WASHINGTON, D.C. — Revisions in the Water Resources Reform and Development Act of 2014, which President Barack Obama signed into law Tuesday, modify federal environmental rules that help farmers across Maine, according to U.S. Sen. Angus King.
Specifically, the modification — co-sponsored by King — shields Maine farmers from having to comply with Environmental Protection Agency rules aimed at large-scale oil companies, according to a statement issued by the independent Maine senator. The issue was raised by Maine potato farmers during a meeting with King last year.
“It’s just common sense — when we see a regulation aimed at one industry inadvertently impacting another, we fix it. And that’s what we did,” King said in the release. “As a result, farmers across Maine won’t have to worry about purchasing new, expensive equipment or hiring a consultant to design a plan they don’t even need. Instead, they can continue to do what they do best — grow local, fresh food and help drive economic activity.”

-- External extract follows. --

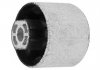 Підвіска, важіль незалежної підвіски колеса MOOG VO-SB-4930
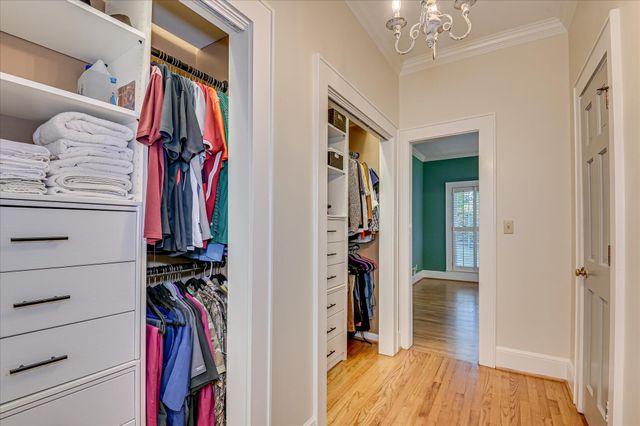 802 Camellia Road, Augusta, GA 30909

Without the modification, many farmers in Maine and around the country who have oil and gas tanks on their farms would have been required to hire a certified professional engineer to design a spill prevention control and countermeasure plan, like major oil refineries. It also would have required farmers to purchase new capital equipment to comply with the rule, including dual containment tanks on farm trucks and fuel storage units.